Toubab Krewe 11.16.11
The Bling Pig
Ann Arbor, MI
Words & Photos By Greg Molitor (ReMIND Photography)
Toubab Krewe’s become one of my favorite acts since I started catching shows frequently. Consistency is a crucial element when you start to see a band multiple times, and over the past five or so years, the Asheville quintet had always been reliable towards not only meeting my prior expectations but raising the bar after each performance. Offering music that’s beyond unique within the jam community, they’ve been a breath of fresh air in what’s become an oversaturated, musty market.
On November 16th, I made the trip from Lansing to The Blind Pig for one more dose of Toubab. This show, however, would be different than those previous. With the departure of drummer Teal Brown and consequent addition of Vic Stafford on the same, the band’s sound didn’t exude the organic magic that had appealed to me throughout their previous tenure. It’s amazing, for better and worse, how a one member swap can drastically affect a lineup’s output. I couldn’t help but think how much I missed Brown’s drumming throughout.
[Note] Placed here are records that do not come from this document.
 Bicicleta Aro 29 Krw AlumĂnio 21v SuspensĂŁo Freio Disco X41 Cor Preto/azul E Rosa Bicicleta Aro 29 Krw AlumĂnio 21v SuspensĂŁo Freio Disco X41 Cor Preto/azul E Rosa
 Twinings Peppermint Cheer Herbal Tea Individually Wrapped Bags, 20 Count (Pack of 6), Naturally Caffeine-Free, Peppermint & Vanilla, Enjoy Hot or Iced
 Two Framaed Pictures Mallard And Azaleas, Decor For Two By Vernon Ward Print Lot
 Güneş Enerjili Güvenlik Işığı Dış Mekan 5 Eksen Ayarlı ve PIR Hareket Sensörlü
Toubab’s charm, as evident within the first few tunes, had unfortunately eroded. Sure, the show had its enjoyable moments. In fact, the group’s version of “Where Did You Sleep Last Night?” was so powerful that you could hear a pin drop between the notes. For four minutes, the captivated crowd stood mesmerized by their performance of the traditional American folk tune, but this was an outlier during a show that was too stiff, less relaxed, and a far cry from Toubab’s previous efforts.
As the band worked its way through its West African meets Southern jam meets World folk originals, the pace of the music was brisk. Kora player Justin Perkins rushed through his usually beautiful passages in order to keep the beat, and the result came across as unnatural. The crowd didn’t seem to mind as many danced insouciantly to the quicker tempo, but those I spoke with who had fallen in love with the former lineup could notice a vast difference. Changing perceptions are inevitable throughout life, and with any change in membership, the new collective just isn’t going to be the same. Yes, I was underwhelmed for the first time at one of their shows. A letdown, however, requires a lofty original position, and for that, I have Toubab Krewe to thank.